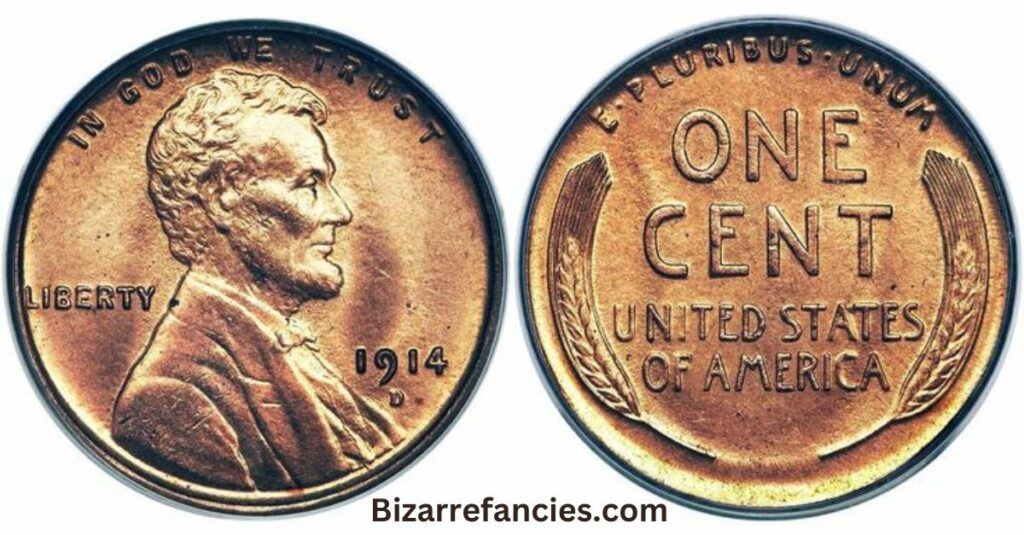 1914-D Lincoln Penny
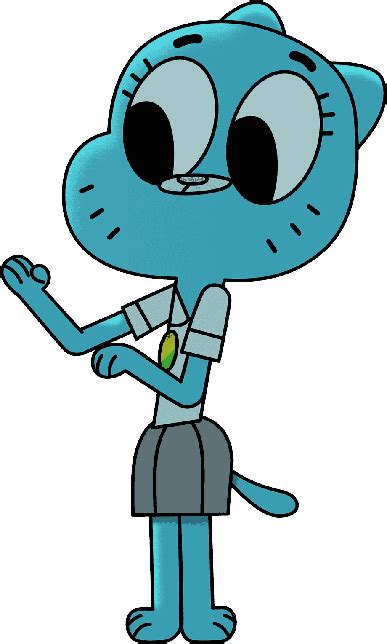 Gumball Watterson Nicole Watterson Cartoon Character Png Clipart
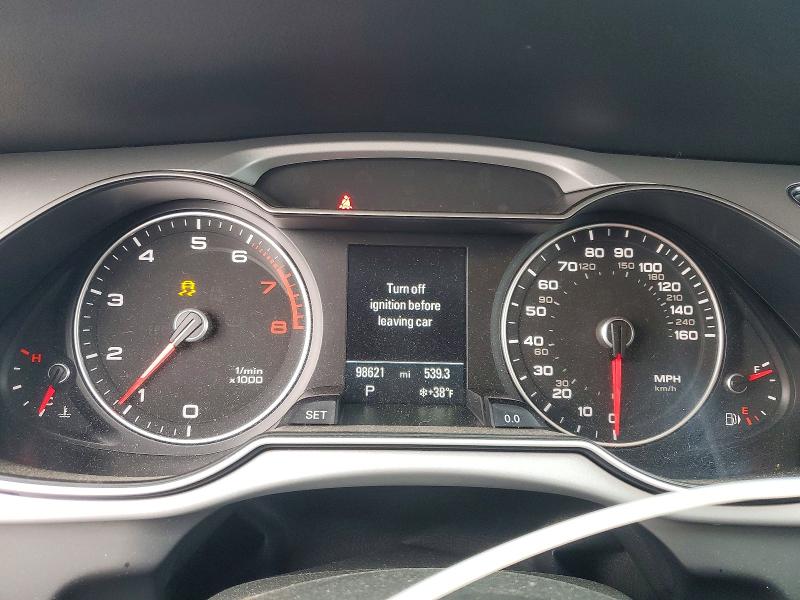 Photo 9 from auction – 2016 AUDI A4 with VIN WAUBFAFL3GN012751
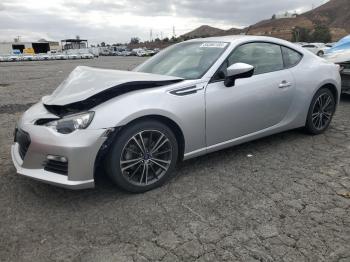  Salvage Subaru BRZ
++++++++++++++++++++
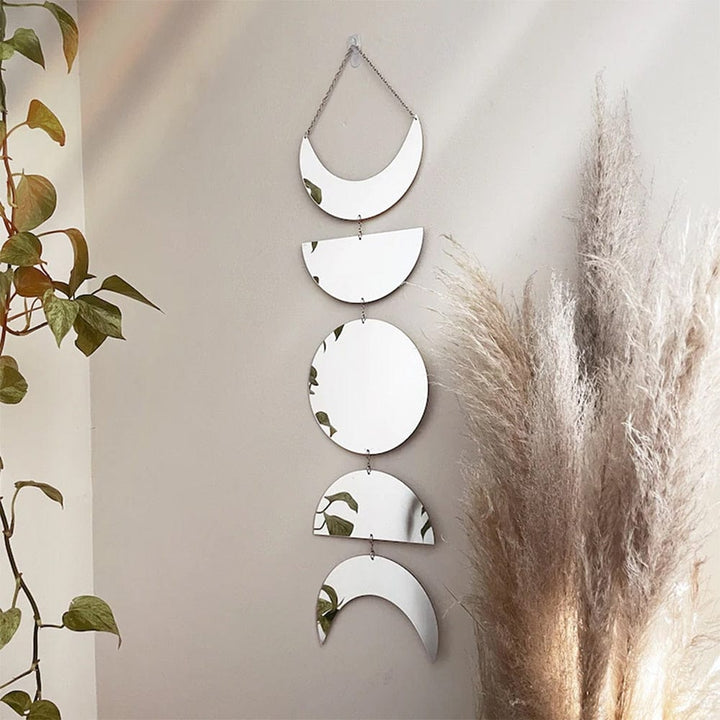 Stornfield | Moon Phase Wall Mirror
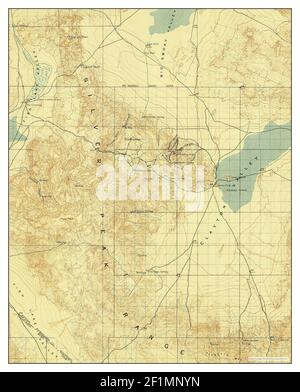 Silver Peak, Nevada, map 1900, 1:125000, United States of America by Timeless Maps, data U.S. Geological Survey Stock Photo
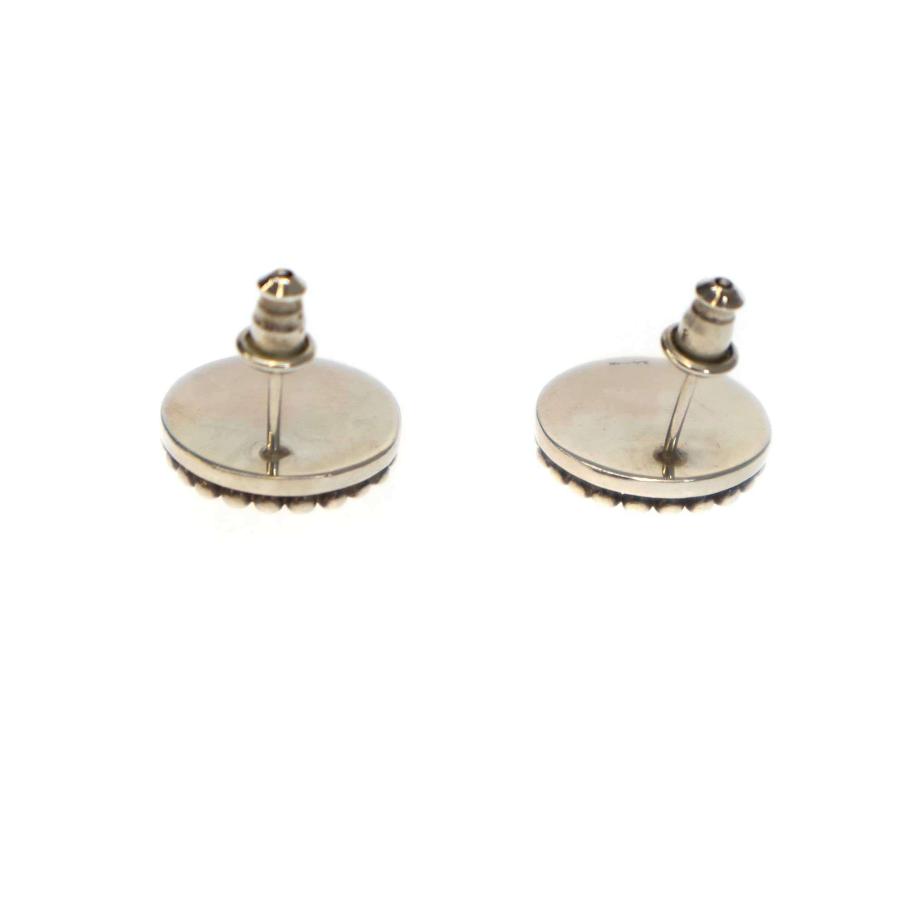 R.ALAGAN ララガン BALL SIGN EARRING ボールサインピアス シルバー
++++++++++++++++++++
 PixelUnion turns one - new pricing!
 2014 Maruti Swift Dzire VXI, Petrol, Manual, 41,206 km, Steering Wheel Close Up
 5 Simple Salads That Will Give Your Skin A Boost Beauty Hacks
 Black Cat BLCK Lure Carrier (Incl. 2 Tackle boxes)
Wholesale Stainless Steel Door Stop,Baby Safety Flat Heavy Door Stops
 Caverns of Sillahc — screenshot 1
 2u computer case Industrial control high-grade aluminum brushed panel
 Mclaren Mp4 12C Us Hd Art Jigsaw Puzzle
++++++++++++++++++++
- _BRIEF_
Word for word, write out the lines above running from the one with "Photo 9 from" up to and including the one with "Salvage Subaru BRZ". Drop any picture.

- _EXERCISE RESULT_
 Photo 9 from auction – 2016 AUDI A4 with VIN WAUBFAFL3GN012751
  Salvage Subaru BRZ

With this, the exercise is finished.